Tuesday, 21 September 2010

I'm as guilty of this as anyone (hello Cosmocking), but I think there's a tendency in Feminism to go after pop culture too much and the harsh practicalities of life not enough. There's no question, culture matters, the weight of a million beer ads and Disney princesses does change us--but so do the job market and the people on our street and the way our own friends treat us.

The biggest challenge facing women today, I think, is not PUAs and it's not Cosmo and it's not evolutionary psychology. It's babies. I feel like in our current society, a woman can live almost as well as a man--as long as she never, ever has any children. The instant sperm meets egg, bang, it's like everything since 1959 never even happened. A woman can sometimes get taken seriously at work and in media and politics, but a mother? She'd better be able to afford some serious nannies and even then it's an uphill battle to make people believe you have any non-child priorities for the next eighteen years.
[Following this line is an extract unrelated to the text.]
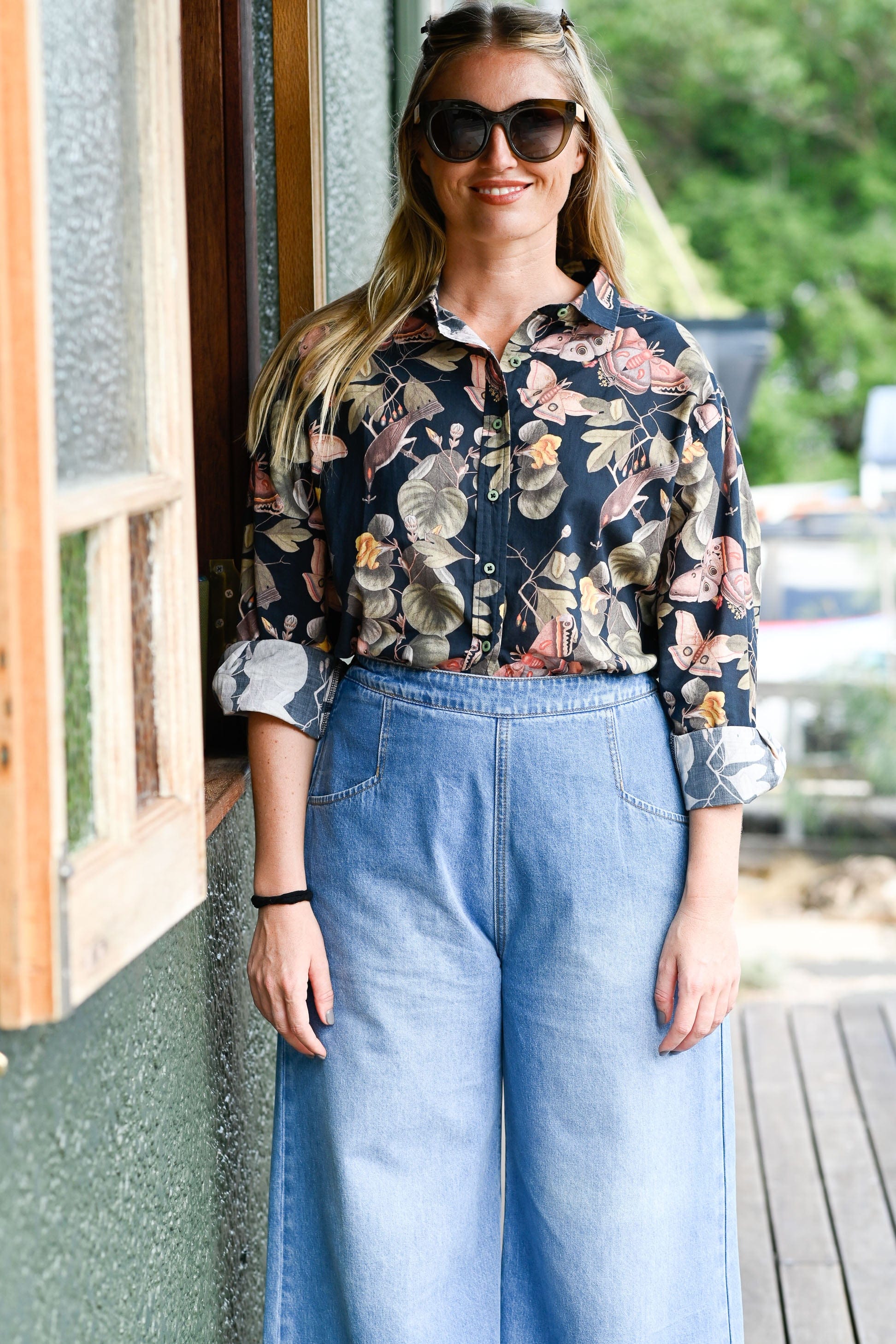 Lauren Shirt Merian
I don't know exactly what it's like, being barren ground myself. (Which will come to carry its own stigma if I'm still babyless in ten years, but in some ways it's a "well, here's someone who'll take a lot fewer sick days" stigma.) But it seems like all notions of equality hit a brick wall at "well, my husband makes more anyway, so it just makes sense for me to stay home" and "well, it's nothing against her, but I can't promote her when the kids are such a big priority in her life right now."
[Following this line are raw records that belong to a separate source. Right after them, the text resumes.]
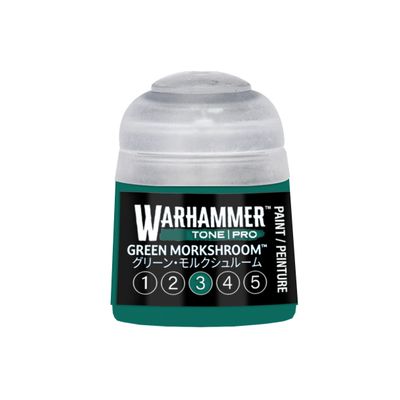 Games Workshop Tone Pro Green Morkshroom 3 12ml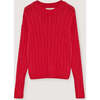 Bluebell Woman Jumper Tulip Red - Sweaters - 1 - thumbnail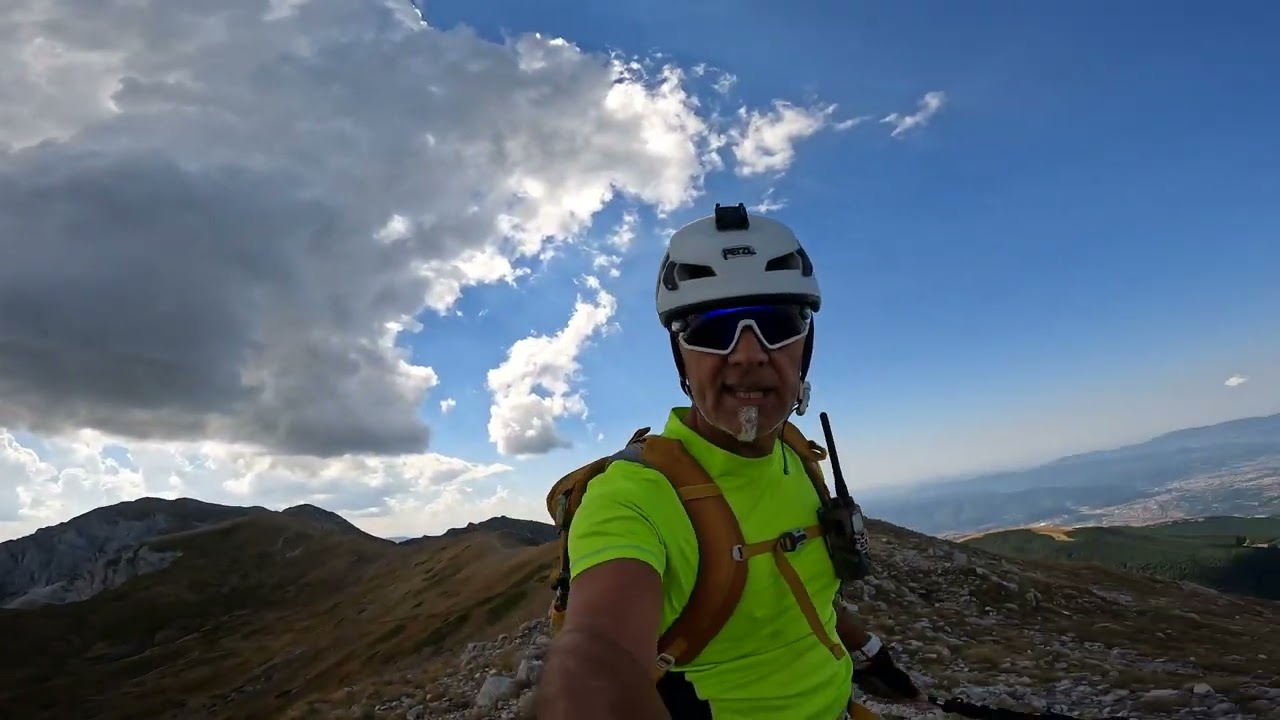 13 Agosto 2024 Monte Terminillo, Vetta Sassetelli, Cima Vall’Organo, Cima Ultima, rifugio Sebastiani
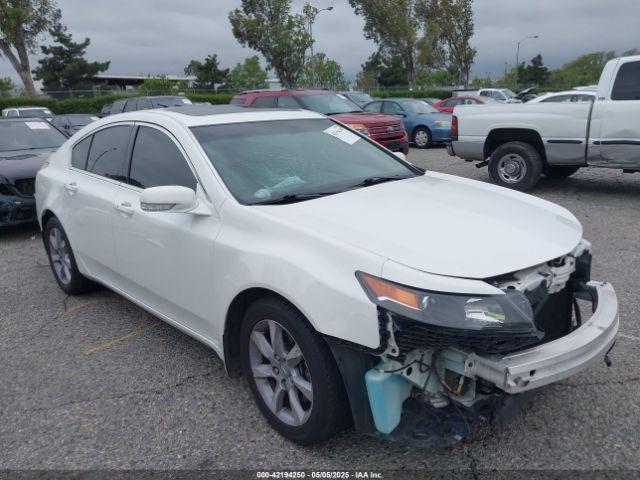  Salvage Acura TL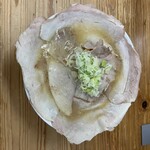 中華そば 紅蘭 - 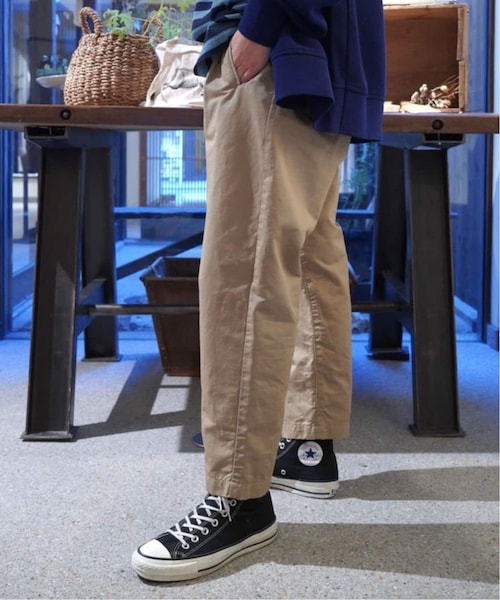 Journal Standard luxs ミリタリータックパンツ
Well, kids do take a lot of work, and someone has to do it. You can't ask a family to go broke just for the sake of feminist principles, so in a world where a large majority of husbands earn more than their wives and childcare costs more than most women even earn, it really does make sense for the woman to be the one to give up some of her outside life. It just sucks. And it feeds into an ugly cycle where women earn less because we're liable to quit when we get pregnant, and we quit when we get pregnant because we earn less.

I don't have an awesome solution here. But I do have an inkling of why birth control and abortion are such key feminist issues. ...Maybe daycare co-ops? Right now organizing babysitting rings seems to me the most bra-burningly feminist step we could take.